Oh, bien sûr, certains diront que c’est de l’art. Qu’aucun personnage de sculpture d’art n’a de nom ni d’identité. Qu’il faut y voir un hommage à leur beauté ; une beauté que nous sommes si peu capables de décrire en dehors de poncifs connotés et de métaphores réifiantes – leur allure ‘féline’, leur peau ‘d’ébène’. Mais comment ne pas voir qu’il n’y a pas de plaque indiquant le nom de l’artiste, alors ? Mais comment ne pas voir qu’aucune autre sculpture dans ce jardin ne vient justifier leur présence ? Mais comment ne pas voir qu’ils sont postés à l’entrée d’une parcelle du jardin dédiée aux espèces africaines ? Comment nier l’état d’esprit qui a dû les voir naître au début du siècle dernier, alors que des zoos humains existaient en Europe jusqu’à l’expo universelle de 1958 à Bruxelles ?
Comme des grenouilles plongées dans une eau qui chauffe, nous ne percevons pas les changements de température. Nous ne remettons pas en question ce toujours-déjà-là qui semble ne gêner personne. Nous laissons aux associations de lutte contre la négrophobie ou le racisme la tâche de se lamenter, sans remettre en question nos propres choix ; sans prendre la mesure des blessures infligées à ceux qui se reconnaîtront dans ces visages déshumanisés ravalés au rang de spécimens d’espèces à exposer. Il ne s’agit pourtant pas des autres, il s’agit de nous. Ces statues ne parlent pas de « négritude » ; elles sont un miroir peu glorieux de notre blanchité.
Oh, j’entends déjà le chantage à la censure… Alors, vous n’avez rien compris. Il ne s’agit pas de changer le passé ni de le réécrire, mais de changer le présent ; d’ajouter une couche au palimpseste. Il ne s’agit pas d’interdire ou de refaire le passé, mais de le regarder en face et de prendre la parole pour se distancier des processus essentialisants de naguère.
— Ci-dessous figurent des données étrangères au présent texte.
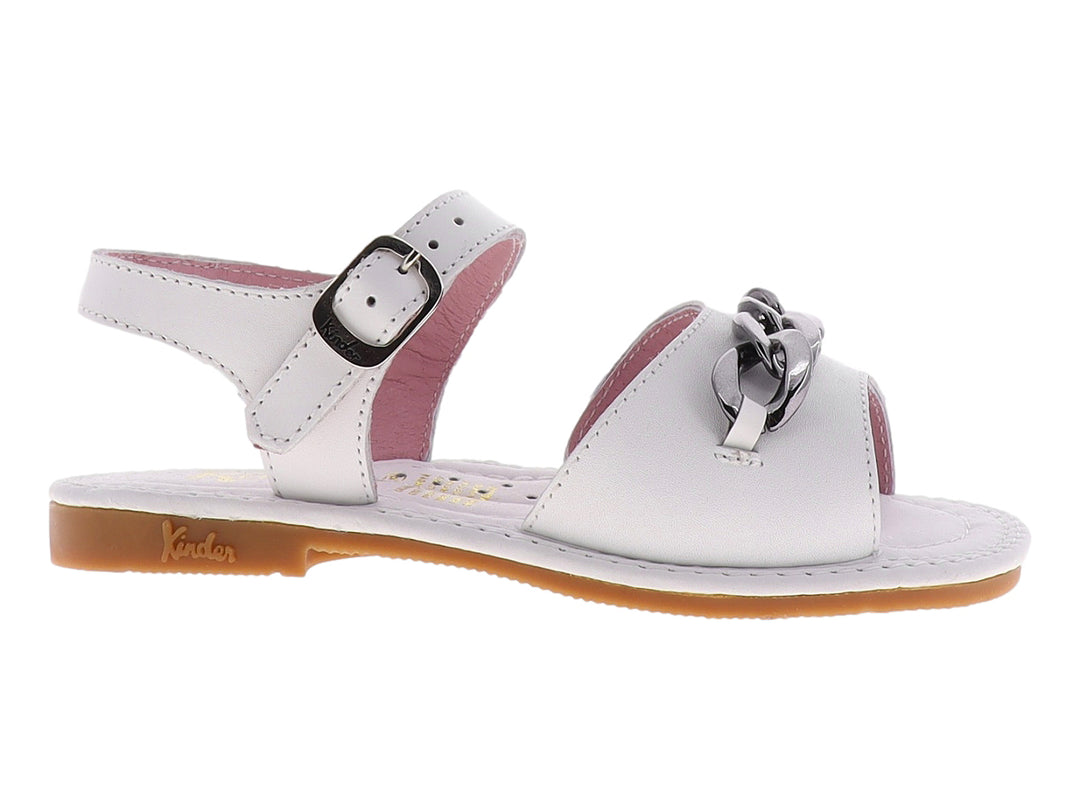 Sandalia blanca para niña con detalle de cadena plateada y suela color miel.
Avec une petite plaque, par exemple. Une plaque qui ferait en sorte que ce que l’on regarde comme un animal de foire ne soit plus un visage aux traits exotiques, mais la main de celui qui l’a posé là et qui appartient désormais à une histoire révolue.
L’heure de vivifier nos mémoires a sonné depuis longtemps. Mais travailler à rendre la Mémoire vive n’a pas tellement à voir avec le passé. La Mémoire vive, c’est une démarche qui consiste à affûter notre qualité de présence au monde présent.
Tant que l’on verra des monuments aux nègres inconnus, alors qu’il y a tant de statues aux blancs connus décorées de laiton et d’inscriptions glorieuses jalonnant notre Histoire, je continuerai à en faire des portraits. Des portraits humains. Des portraits de prochains avec qui je veux construire notre Histoire. Ensemble. Au présent.